Wenn es klappt, möchte ich in die Karaoke-Bar. Meine Lieblingssongs sind „Ein
bisschen Frieden“ von Nicole und „These boots are made for walking“ von Nancy
Sinatra (lacht).
Was fasziniert dich am Schach?
Die Kriegsführung. Es ist ähnlich wie bei meiner Ausbildung bei der Bundeswehr.
Erst werden die Bauern geopfert, die stärkste Figuren werden geschützt. Der
Gegner versucht diese abzuschießen. (zeigt Kriechübung, da sie selbst bei der
Bundeswehr nur ein „Bauer“ ist).
Wie ist dein Verhältnis zur Presse?
Gut. Meistens sind die Leute nett. Jetzt ist es ein wenig stressig wegen der
Olympiade. Vor ein paar Tagen wollte ein Reporter von der Deutschen Welle
unbedingt Fernsehaufnahmen machen. Ich sollte mir am Montag oder Dienstag drei
Stunden Zeit nehmen – direkt vor der Olympiade. Ich sagte ihm nach Rücksprache
mit unserem Nationaltrainer, das funktioniere nicht. Und da wurde der Typ frech.
Er meinte, ich sei unprofessionell. Er kannte noch nicht einmal den Namen
unseres Trainers. Wer hier unprofessionell arbeitet, kann sich jeder selbst
ausmalen. Ich werde auch manchmal während einer laufenden Partie angesprochen,
das ist sehr störend. Sonst macht es Spaß, auch wenn Reportagen und Portraits
für mich manchmal sehr anstrengend sind.
Was liegt dir sonst auf dem Herzen?
Ich bin Aktivensprecherin im Deutschen Schachbund. Mir fällt immer die
Ungleichbehandlung von Männern und Frauen im Schach und insbesondere in unserem
Schachbund auf. Ich weiß, dass Geldmangel herrscht. Aber immer werden die Männer
bevorzugt, das ist ungerecht. Als es darum ging, einen zweiten Trainer zu
verpflichten, haben die Männer mit Christopher Lutz natürlich einen starken
Großmeister bekommen. Bei Frauen ist dafür keine Position vorgesehen, obwohl es
vorher ausgemacht wurde.
Du bist selbst aktiv geworden.
Wir haben mit Marta und Keti zwei weitere Spielerinnen in den Top 100 der Welt.

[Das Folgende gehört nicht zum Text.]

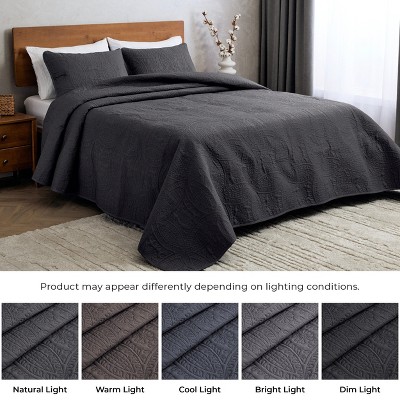 Gray Twin Reversible Microfiber Bedspread Coverlet Set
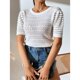 thumbnail image 4 of Blusa de punto ahuecada Cuello redondo Manga corta abullonada Ajuste casual Blusa ahuecada de color puro, 4 of 8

Als vom Schachbund nichts kam, habe ich mich selbst um einen zweiten Trainer
bemüht, den Georgier Davit Shengelia gewonnen, der in Wien lebt und mit mir im
Herren-Bundesligateam in Berlin spielt. Hier sollte Davit dann bei der
Jugendnationalmannschaft wohnen, das wäre eine halbe Stunde von unserem Hotel
entfernt gewesen. Das hätte die Vorbereitung erheblich erschwert. Ich bin
deswegen mit meiner Mannschaftskollegin Sarah in ein Doppelzimmer gezogen, so
dass Davit nun doch ein Zimmer in unserer Nähe hat.